REQUIRED ACTION:
Using the records that appear below, write out exactly the lines from the one with "Chesterfield Design potah" through the one with "Black Lò Gạch Engraved Leather Bag", keeping both end lines.

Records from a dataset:

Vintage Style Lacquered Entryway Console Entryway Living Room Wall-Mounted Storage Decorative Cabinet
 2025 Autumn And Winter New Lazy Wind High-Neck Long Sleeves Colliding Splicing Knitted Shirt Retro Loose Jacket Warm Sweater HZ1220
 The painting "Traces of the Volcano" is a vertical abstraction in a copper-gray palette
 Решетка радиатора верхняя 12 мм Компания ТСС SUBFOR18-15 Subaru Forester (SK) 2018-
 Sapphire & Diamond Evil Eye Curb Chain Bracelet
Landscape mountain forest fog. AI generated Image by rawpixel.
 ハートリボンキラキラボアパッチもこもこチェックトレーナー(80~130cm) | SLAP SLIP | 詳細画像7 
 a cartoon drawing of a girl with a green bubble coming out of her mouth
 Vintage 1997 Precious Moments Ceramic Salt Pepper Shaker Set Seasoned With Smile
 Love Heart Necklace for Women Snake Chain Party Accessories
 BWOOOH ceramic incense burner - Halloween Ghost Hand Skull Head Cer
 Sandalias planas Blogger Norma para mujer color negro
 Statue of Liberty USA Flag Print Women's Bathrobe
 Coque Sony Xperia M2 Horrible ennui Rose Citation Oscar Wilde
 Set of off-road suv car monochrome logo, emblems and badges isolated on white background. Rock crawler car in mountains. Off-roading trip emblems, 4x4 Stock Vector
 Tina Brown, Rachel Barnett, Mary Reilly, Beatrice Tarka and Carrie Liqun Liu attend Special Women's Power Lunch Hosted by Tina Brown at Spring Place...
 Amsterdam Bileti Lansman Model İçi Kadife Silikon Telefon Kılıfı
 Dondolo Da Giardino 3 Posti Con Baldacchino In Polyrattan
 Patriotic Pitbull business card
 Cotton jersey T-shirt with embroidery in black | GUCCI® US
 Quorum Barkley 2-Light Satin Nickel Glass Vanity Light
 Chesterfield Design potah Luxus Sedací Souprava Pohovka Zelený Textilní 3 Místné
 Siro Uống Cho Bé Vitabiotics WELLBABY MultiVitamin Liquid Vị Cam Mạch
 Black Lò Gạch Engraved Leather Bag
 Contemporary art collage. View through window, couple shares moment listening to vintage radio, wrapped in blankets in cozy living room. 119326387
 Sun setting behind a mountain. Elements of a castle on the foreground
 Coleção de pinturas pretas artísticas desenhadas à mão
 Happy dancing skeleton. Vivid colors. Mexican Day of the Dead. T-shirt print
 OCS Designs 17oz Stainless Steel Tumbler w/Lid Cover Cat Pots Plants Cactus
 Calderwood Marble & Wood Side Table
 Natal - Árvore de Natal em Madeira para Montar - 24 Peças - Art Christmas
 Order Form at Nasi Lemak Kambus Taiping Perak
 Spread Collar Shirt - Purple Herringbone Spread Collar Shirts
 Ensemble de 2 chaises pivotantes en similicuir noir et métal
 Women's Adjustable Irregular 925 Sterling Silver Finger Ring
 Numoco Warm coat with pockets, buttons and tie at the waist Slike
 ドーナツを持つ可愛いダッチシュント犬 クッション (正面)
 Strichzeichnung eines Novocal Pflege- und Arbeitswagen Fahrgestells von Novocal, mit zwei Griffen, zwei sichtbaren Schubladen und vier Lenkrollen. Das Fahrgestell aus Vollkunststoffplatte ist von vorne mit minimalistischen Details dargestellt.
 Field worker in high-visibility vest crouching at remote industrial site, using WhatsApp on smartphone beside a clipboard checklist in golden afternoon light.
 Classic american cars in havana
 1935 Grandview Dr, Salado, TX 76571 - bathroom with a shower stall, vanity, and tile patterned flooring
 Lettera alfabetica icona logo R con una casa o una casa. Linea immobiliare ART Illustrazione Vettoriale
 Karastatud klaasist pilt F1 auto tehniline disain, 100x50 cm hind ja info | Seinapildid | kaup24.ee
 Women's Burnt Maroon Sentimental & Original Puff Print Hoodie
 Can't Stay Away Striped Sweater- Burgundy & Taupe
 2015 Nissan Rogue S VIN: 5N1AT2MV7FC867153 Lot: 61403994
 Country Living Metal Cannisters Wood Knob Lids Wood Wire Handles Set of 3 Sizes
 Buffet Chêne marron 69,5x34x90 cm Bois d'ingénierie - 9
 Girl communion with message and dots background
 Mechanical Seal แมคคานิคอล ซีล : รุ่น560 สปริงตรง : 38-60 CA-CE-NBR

COMPLETED EXERCISE:
 Chesterfield Design potah Luxus Sedací Souprava Pohovka Zelený Textilní 3 Místné
 Siro Uống Cho Bé Vitabiotics WELLBABY MultiVitamin Liquid Vị Cam Mạch
 Black Lò Gạch Engraved Leather Bag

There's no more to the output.